Haunted by the ghosts of the ancients
Ephesus, a treasure of Türkiye
AWESOME. The Library of Celsus. Picture: Hein Kaiser and iStock
It’s a surreal experience, touching marble that was carved into massive stone structures thousands of years ago and walking along the same corridor that led from a port through to a bustling trade centre, also paved with slippery marble, where the footfall of civilisation’s ghosts can be tangibly felt.
It’s goose-bumps stuff, because deep inside ancient structures, the spirits of millennia still dwell. Unlike one tourist who exclaimed that visiting Ephesus, about 30 minutes outside the Turkish resort town of Kusadasi, was the most boring experience of his life, the balance of visitors to this marvel of architecture and human narrative were gobsmacked by the sophistication, the science and the sheer scale of what humankind achieved in a world before machination. The ruins of Ephesus, a giant complex of structures, are magnificent to take in.

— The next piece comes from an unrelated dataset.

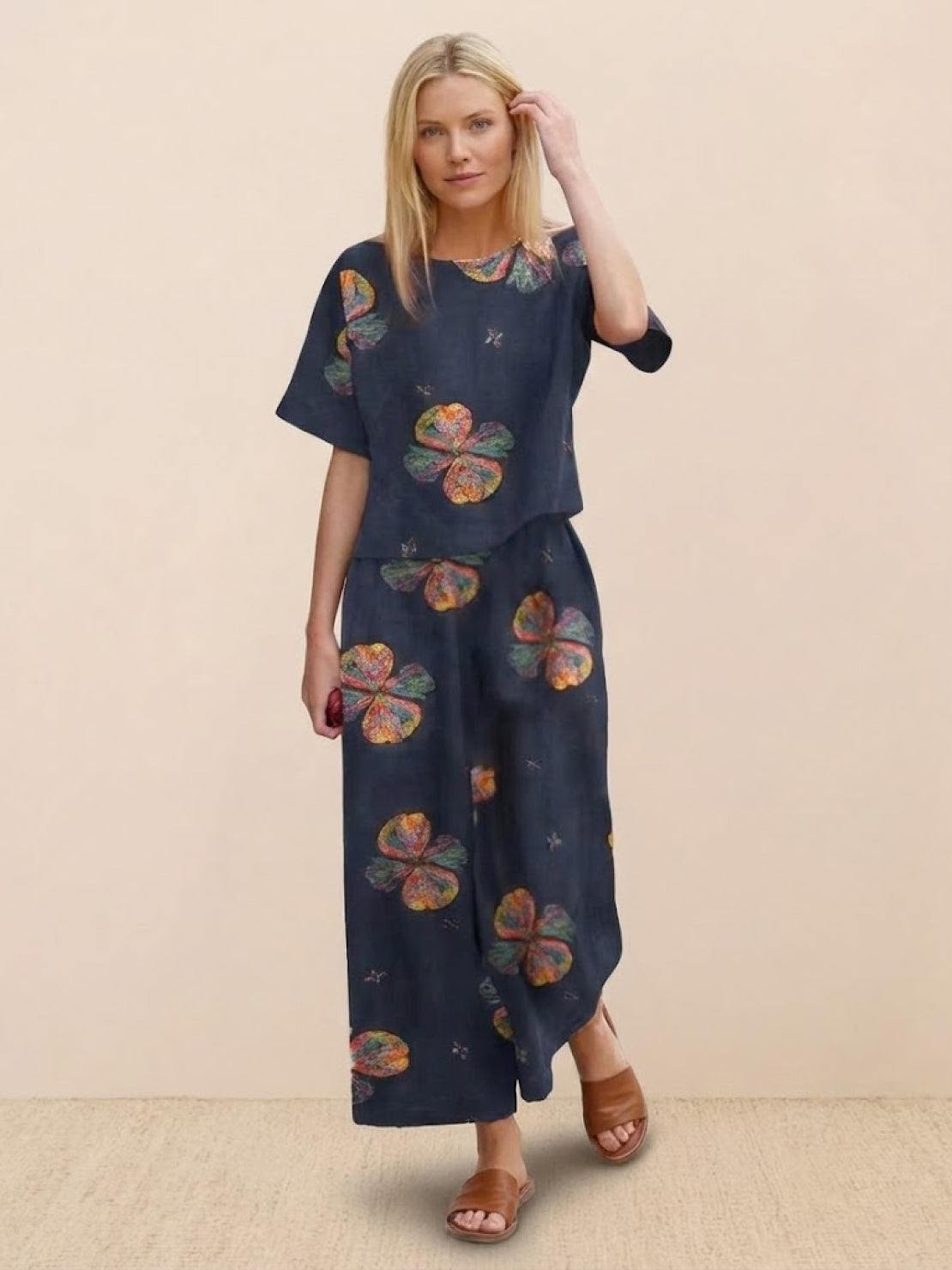 Woman wearing loose fit co-ord set with floral prints and wide-leg trousers.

From ancient Greek origins to Byzantine influence
Ephesus was one of the most important cities of the ancient world. Among the oldest Greek settlements on the Aegean Sea, it was later the provincial seat of the Roman Empire’s government in Asia. Ephesus was settled by the sixth millennium Before Christ (BC).
It was built on a hill as an AtticIonian colony in the 10th century BC. It is said its founder was a prince of Athens, Androklos, who had to leave his country after the death of his father, King Kodros.
It was founded where the Oracle of Delphi told him a fish and a boar would show him the way. A port city, Ephesus became a major trading centre, although the water has receded now. It was also known as a centre of religion and culture and is home to one of the seven wonders of the ancient world, the Temple of Artemis.
Throughout the past few thousand years, the city was conquered several times, faced natural disasters and eventually abandoned. It was only rediscovered in the 20th century. Alexander the Great conquered Ephesus in 334BC and it later fell under the control of various Hellenistic rulers.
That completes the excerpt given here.